Il format della finale, condotto da Nunzia De Girolamo, più che celebrare l'eleganza e la bellezza, ha virato volutamente verso un vero e proprio "talent show". Le classiche sfilate e le prove di portamento, elementi distintivi del concorso, sono stati messi in secondo piano in favore di esibizioni di canto, ballo e recitazione, valutate da una giuria d'eccezione, composta da nomi noti del mondo dello spettacolo: Alba Parietti, Francesca Pascale, Bianca Luna Santoro, Maurizio Casagrande e Rossella Erra.

Diciamoci la verità, non che sia storia ma anche nel passato le altre Miss vincitrici non si sono tutte distinte per doti artistiche, qualcuna certamente, tante altre si limitavano a funzioni di rappresentanza.

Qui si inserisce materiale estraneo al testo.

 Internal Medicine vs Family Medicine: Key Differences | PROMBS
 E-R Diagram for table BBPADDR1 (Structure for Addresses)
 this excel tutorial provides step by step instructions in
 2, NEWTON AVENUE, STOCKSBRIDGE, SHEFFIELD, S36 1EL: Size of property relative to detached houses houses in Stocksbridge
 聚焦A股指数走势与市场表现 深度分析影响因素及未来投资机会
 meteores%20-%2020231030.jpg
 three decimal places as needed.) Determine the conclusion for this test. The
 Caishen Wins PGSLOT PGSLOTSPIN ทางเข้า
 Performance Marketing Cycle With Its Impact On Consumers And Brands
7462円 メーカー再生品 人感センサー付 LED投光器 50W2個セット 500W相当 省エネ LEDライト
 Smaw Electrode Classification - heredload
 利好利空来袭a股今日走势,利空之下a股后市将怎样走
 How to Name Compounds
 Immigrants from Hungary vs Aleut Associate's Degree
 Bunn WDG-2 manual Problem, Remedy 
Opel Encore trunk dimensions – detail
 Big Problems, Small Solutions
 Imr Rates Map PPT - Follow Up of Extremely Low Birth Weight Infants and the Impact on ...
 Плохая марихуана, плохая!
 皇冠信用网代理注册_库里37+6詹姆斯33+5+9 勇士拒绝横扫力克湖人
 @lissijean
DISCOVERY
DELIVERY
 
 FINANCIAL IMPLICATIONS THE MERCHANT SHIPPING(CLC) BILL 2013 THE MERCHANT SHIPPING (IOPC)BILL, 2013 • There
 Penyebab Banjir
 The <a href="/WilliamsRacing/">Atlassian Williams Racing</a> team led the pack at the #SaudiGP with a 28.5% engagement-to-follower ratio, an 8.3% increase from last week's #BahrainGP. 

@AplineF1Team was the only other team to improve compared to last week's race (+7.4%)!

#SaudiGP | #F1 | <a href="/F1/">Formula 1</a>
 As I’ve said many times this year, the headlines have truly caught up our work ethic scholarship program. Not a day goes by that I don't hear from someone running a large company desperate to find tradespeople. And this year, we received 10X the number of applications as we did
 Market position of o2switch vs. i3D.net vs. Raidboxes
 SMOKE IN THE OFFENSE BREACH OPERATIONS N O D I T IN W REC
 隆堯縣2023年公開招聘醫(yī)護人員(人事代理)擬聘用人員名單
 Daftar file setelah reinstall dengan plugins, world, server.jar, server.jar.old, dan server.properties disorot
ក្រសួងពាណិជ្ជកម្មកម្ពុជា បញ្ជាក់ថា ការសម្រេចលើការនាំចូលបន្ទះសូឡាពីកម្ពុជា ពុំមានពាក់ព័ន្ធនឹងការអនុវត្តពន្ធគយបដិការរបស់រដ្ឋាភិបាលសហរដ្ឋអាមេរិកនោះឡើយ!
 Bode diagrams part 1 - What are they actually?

Una scelta che ha lasciato l'amaro in bocca a molte, indiscutibilmente meritevoli di più attenzioni e il cui sogno si è infranto non per la bellezza, ma per risicate doti artistiche. Questa nuova formula ha sollevato un interrogativo: tra i requisiti di partecipazione con la conseguente valutazione sono state inserite anche le doti artistiche?

Molti rimpiangono i tempi d'oro del concorso, magistralmente condotto dal compianto Fabrizio Frizzi. La sua eleganza e la sua professionalità elevavano la competizione a un evento di grande spessore, lontano dalla povertà di contenuti e dalla confusione che ha caratterizzato l'edizione di quest'anno. La conduzione di Fabrizio Frizzi, lontano dal clamore dei moderni talent show, era una formula che metteva al centro la bellezza, il portamento e la semplicità, valorizzando al massimo ogni aspetto della competizione. Sotto la sua guida, Miss Italia non ha mai perso la sua identità. Le prove di talento, se presenti, erano complementari e mai predominanti. L'attenzione principale era rivolta alle sfilate in abito da sera e in costume, ai momenti di intervista e alla capacità delle ragazze di esprimere la propria personalità.

La giuria aveva il compito di valutare l'insieme, senza cedere a dinamiche da show. Il tutto si svolgeva con un ritmo solenne e avvincente, scandito dalle esibizioni musicali e dagli interventi degli ospiti. Era un modello di conduzione che onorava la tradizione rendendo la serata un evento e la conduzione di Frizzi avrebbe dovuto lasciare un'eredità importante. L’ultima serata, quella della finale, si è macchiata come artisticamente e tecnicamente imbarazzante, con microfoni non funzionanti e con un passaggio dello stesso strumento “da tizio a caio” che impallava le riprese, culminata in un clamoroso errore, il nome, cioè, della vincitrice pubblicato di poco in anticipo nei sottopancia televisivi rovinando il momento culminante della proclamazione.

Attenzione, sicuramente la vincitrice è meritevole del riconoscimento, non è questo in discussione, probabilmente avrebbe raggiunto il successo anche con la “formula classica”, resta però la delusione di chi ha visto il proprio sogno svanire a causa di un format che ha snaturato l'essenza stessa del concorso di bellezza. Un epilogo amaro che getta un'ombra su un'edizione che avrebbe dovuto celebrare la bellezza italiana ma che ha finito per sollevare più dubbi che certezze. Viva Miss Italia, non sempre però l’antico l'adagio "tale padre, tale figlio" è rispettato, non è detto che la figlia di un sarto sia abile col filo e l'ago.